Looking at them, I sense the artist’s enjoyment in imagining them, as well as in painting them, with the lightness of watercolour, the paint handling seems so congruent with these fluid geometries, precise enough, yet never uptight.
Timer could be a painting of a real object, something similar to an egg timer, but it isn’t. In fact, it’s an impossible construct, which again I would love to attempt to build. For a start, it looks much too large to be an egg timer, even without paying attention to the differing geometries of the four horizontal intersections. I know I am in danger of coming across like a die-hard Doctor Who fan if I say that it reminds me of the control mechanism of the old style TARDIS, but I just cannot help making that connection. I feel confirmed in my interpretation when I read in the gallery notes that “Chambers’ paintings present alternative universes where impossible science fiction/architectural structures comment on conflicts between our inner dream worlds and the technological robotic control on our everyday lives”. I’d go further and say that our “inner dream worlds” have been technologised, and Doctor Who could serve as an example of that.

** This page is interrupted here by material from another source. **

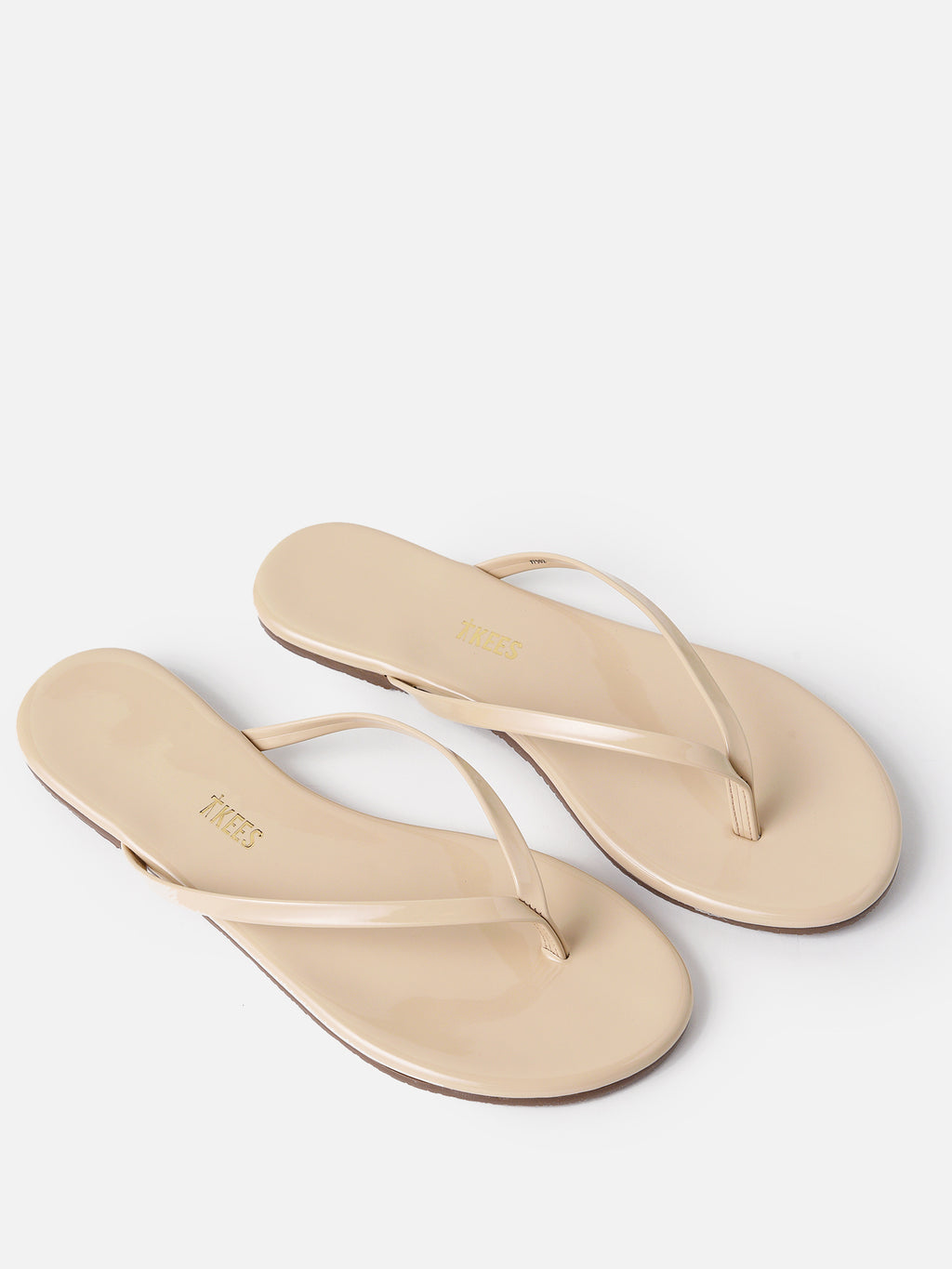 GFO-01xSEASHELL-alt3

Maybe it’s a response to the impossibility of the constructions within the paintings that has led to Chambers’ recent experiments in three-dimensions: Rotating Shape Side I and Side II, Shelter and Monument, all of which are here in the cupboard. Shelter and Monument are like nets in the moment of converting from two to three dimensions and Rotating Shape is literally that, a geometric painting on shaped card that can be both rotated and reversed (hence Side I and Side II). However even these constructible paintings have unconstructability in them, tessalating shapes, bending the space as they shift from one arrangement to another, introducing time as well as space into flat, motionless surfaces.
Although Stereoscope closed on 6 December, other paintings by Louisa Chambers can be seen at The Midlands Open at Tarpey Gallery until 11 January and at Crash Open Salon 2013, at Charlie Dutton Gallery from 11 December to 11 January.